The grass is always greener
It seems plastic isn't quite so fantastic north of the border.
Artificial pitches have long been hailed as the answer to Scotland's inevitable fixture pile up triggered by the winter weather that plagues the country, but a new storm has erupted in the wake of the sickening injury Aberdeen's rising star Fraser Fyvie suffered while playing on Alloa Athletic's synthetic surface.
The 17-year-old severed ligaments in his left knee and now faces a gruelling mental and physical struggle to battle back to full fitness. The serious setback has angered his Dons boss Mark McGhee and will no doubt have disappointed many other managers down south - Birmingham City and Blackburn Rovers are among the list of clubs who have already been alerted by Fyvie's rapid rise to the top.
Fyvie's injury took the shine off of Aberdeen's recent 3-0 Scottish League Cup victory over the Second Division side and has sparked yet another debate about artificial pitches.
"It's a real shame, especially as it could have been avoided," McGhee said after the game. "I don't think Fraser would have suffered that injury had we been playing on a normal grass pitch. The synthetic surfaces are great for training purposes, in the sense of passing the ball between each other, but in dynamic movement it's a dangerous surface.
"Fraser is a terrific young player with a very bright future ahead of him and I'm sure he'll return much stronger once he gets through the recovery process. He'll be properly looked after and I intend to give him as much time as possible to make a full recovery. He's a young lad with his whole career in front of him so he has no need to worry.
"But I'm still angry this has happened as he should be looking to build on the impact he made last term and be looking to further establish himself in the team. There's no doubt in my mind he has been a victim because he plays with such power. He's suffered a bad injury which happened as he was forced to change direction very quickly on Alloa's surface. Those types of pitches are simply not conducive to a high-powered change of direction or deceleration."
McGhee's comments have been echoed by many of his peers within the Scottish game. Former Aberdeen striker Noel Whelan also hit out on the subject, saying artificial pitches should be scrapped completely from football.
Understandably, Alloa manager Allan Maitland defended his home turf, claiming the surface had no bearing on Fyvie's injury, but if these pitches are so good then just why haven't any of the leading lights in Europe like Manchester United, Chelsea or Barcelona ever installed them at their stadiums?
UEFA may have given them the green light to be used in certain matches but Europe's governing body ordered Moscow's Luzhniki Stadium artificial pitch to be replaced by a traditional grass one for the 2008 European Champions League final. Granted, the technological advances made recently mean the synthetic surfaces clubs use now are much better than the first generation pitches we saw in the 1980s when Luton, Oldham, Preston and QPR first championed the plastic pitches.
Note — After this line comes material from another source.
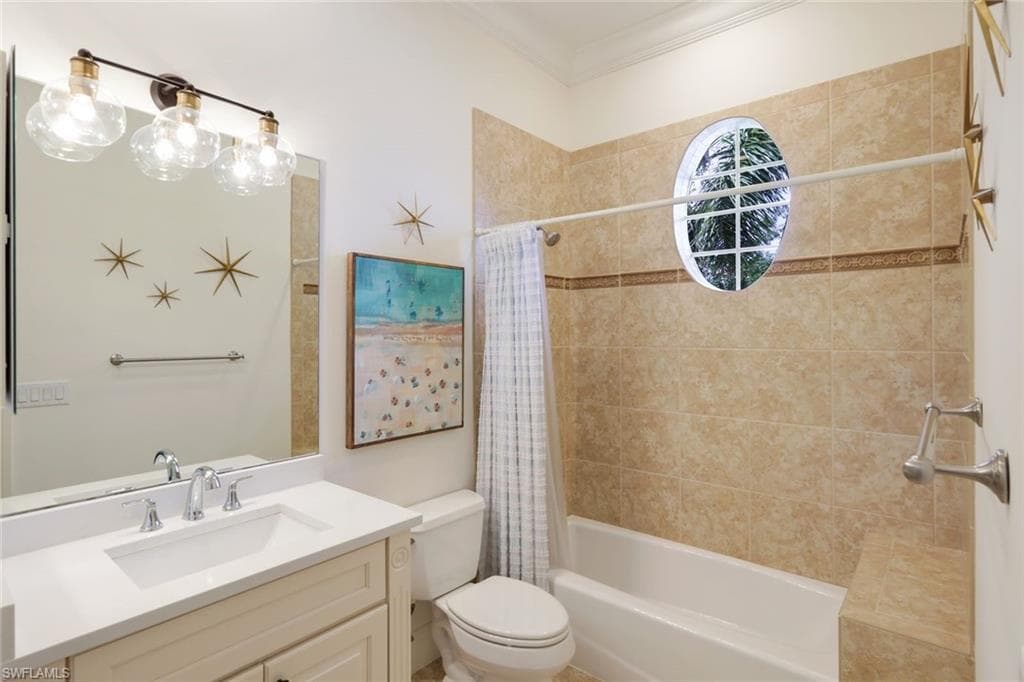 3176 Serena Ln 202, Naples, FL 34114-25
The ball was almost uncontrollable while players regularly complained about suffering carpet burns before the English FA eventually banned them in 1988.
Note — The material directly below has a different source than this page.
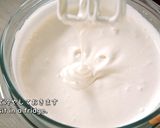 A picture of step 12 of Strawberry Decoration Cake, Chantilly Fraise.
Quite clearly, the clubs who played on them on a regular basis were being handed a huge advantage, and Harry Redknapp has also made his feelings clear on the controversial matter. His Tottenham Hotspur side nearly crashed out of the Champions League when they slipped to an early three-goal deficit in their game on Young Boys' plastic playing surface.
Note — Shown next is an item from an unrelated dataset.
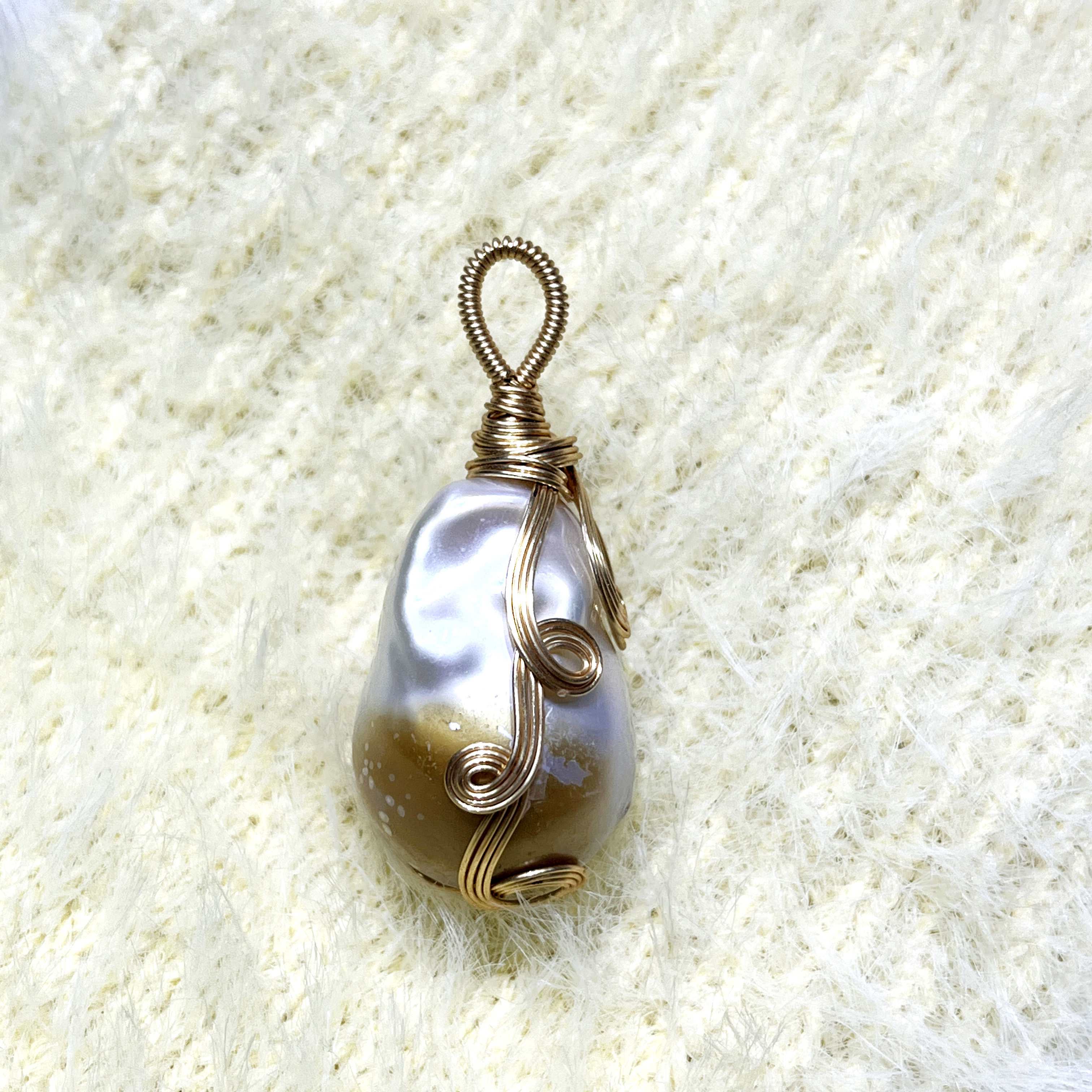 Luxurious Baroque-Inspired Pearl Choker Necklace Featuring Artistic Pendant Charms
"It's not an excuse as to why we struggled away against Young Boys, but I played on Astroturf myself and hated every minute of it," he said. "We've had it at QPR - thankfully we don't have it anymore in England. I don't agree with Astroturf and I don't think Astroturf should be used in a competition like the Champions League."
In more recent history, Dunfermline were chosen by UEFA to pilot the use of synthetic surface when they were still a Scottish Premier League team. The Pars received a cash grant of £130,000 to install a new pitch, but it was quickly ridiculed and didn't last long before the decision was taken to rip it up.
There are of course many counter arguments for the case to continue to persevere with artificial pitches - mainly supported by bureaucrats and money men. They allow games to be played in all conditions and could in the long term prove to be cheaper than continually tending to grass pitches. But for the football purists like McGhee, Whelan and Redknapp, the future is grass.